Two recent threads have brought up the appropriateness of using xFIP to judge past performance for pitchers. (And Adam's tie-in to his career touches on a related point, too.)
I'll summarize the arguments for and against using xFIP as a retrospective metric below, but the reason I bring this up is because I think the arguments are more nuanced than these simplified viewpoints:
Against using xFIP as a retrospective measure: Sure, HR/FB might need a large sample size to become a good representation of a pitcher's skill, but those home runs actually happened and the pitcher is the one responsible for them happening. For a historical metric, we should use actual home runs, not a home run estimate based on fly balls. (One could also argue that any sort of FIP measure removes a pitcher's performance with runners on base, which is not right, because that "clutchiness" performance actually happened, too.)
For using xFIP as a retrospective measure: Yes, those home runs occurred when the pitcher was on the mound, but, like BABIP, they aren't necessarily a result of his talent. The cliche is that "pitchers allow fly balls, but hitters turn them into home runs." If we're going to assess a pitcher's future HR skill based on FB's, then why would measuring his past skill be any different?
I see two levels of discussion here: which of those two simplified arguments do you agree with (and why) and what nuances do they miss that are important (and why)?
For example, are there more distinctions to be made than just past/future? Where does the distinction between past value and past talent come into play?
A question from Sky
almost 2 years ago
Sky Kalkman
32 comments
0 recs |
Comments
Here's the thing
I think you have to differentiate between performing better than expected or worse than expecting, whether you are talking about HR/FB rate or BABIP.
A BABIP that is significantly lower than average over a significant period of time is almost certainly the result of defense/luck. However, a higher BABIP than average is more likely the result of bad pitching. Natural selection just ends up winnowing out those pitchers at the major league level.
Similarly, I have a hard time giving credit to pitchers retrospectively if their xFIP is lower than their FIP, because a significantly higher than average HR/FB rate is more likely to be reflective of the pitcher’s performance than a significantly lower than average HR/FB is.
by Adam J. Morris on Jun 25, 2010 12:31 PM EDT reply actions
The MLB vet vs. MLB youngster is an interesting question.
Low variation in BABIP among MLB pitchers is a decent assumption, but what do we do with pitchers who haven’t established themselves as MLB pitchers?
And if someone (say, Matt Cain) has shown a past ability to beat the league-average HR/FB rate over multiple years and 1000 IP, should that information be used when only dealing with 50 IP in 2010?

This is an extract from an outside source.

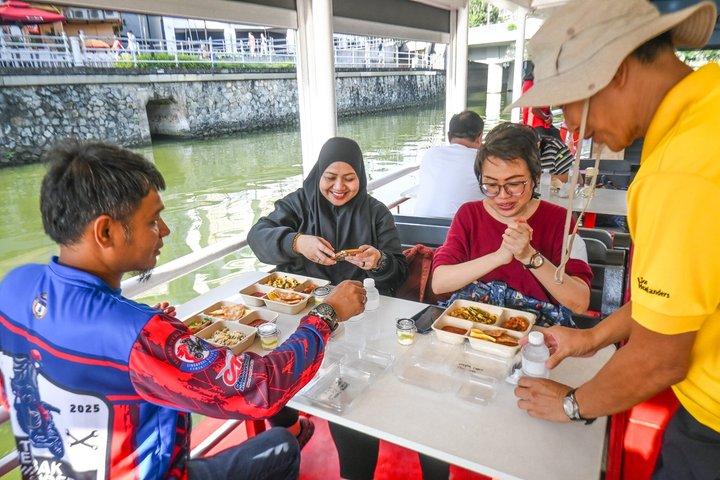 Tour in barca sul fiume Singapore di notte con cena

Why not take it even beyond FIP?
Preemptive apologies for sounding like a broken record, but why not use a more complete batted ball metric like tRA/tERA that gives credit for batted ball types and the run values of those events?
I think it’s a fairly cut and dry distinction to determine the true value of past performances, but simultaneously contextualize that performance in a metric that is much better at predicting the future.
My same question would apply to separating out GB/LD/IFFB/OFFB, I think.
Yes, line drives are usually hits and are a bad from a pitcher’s perspective. But research has shown that for MLB pitchers, past LD rate is not a good indicator of future LD rate. So is it a fluke? If so, why hold pitchers accountable for historic LD rates?
Also raises the question, does this have to be a zero sum game? Others (David Gassko? Pizza Cutter?) have argued no, credit you give to hitters doesn’t all have to be matched by blame handed to pitchers/fielders.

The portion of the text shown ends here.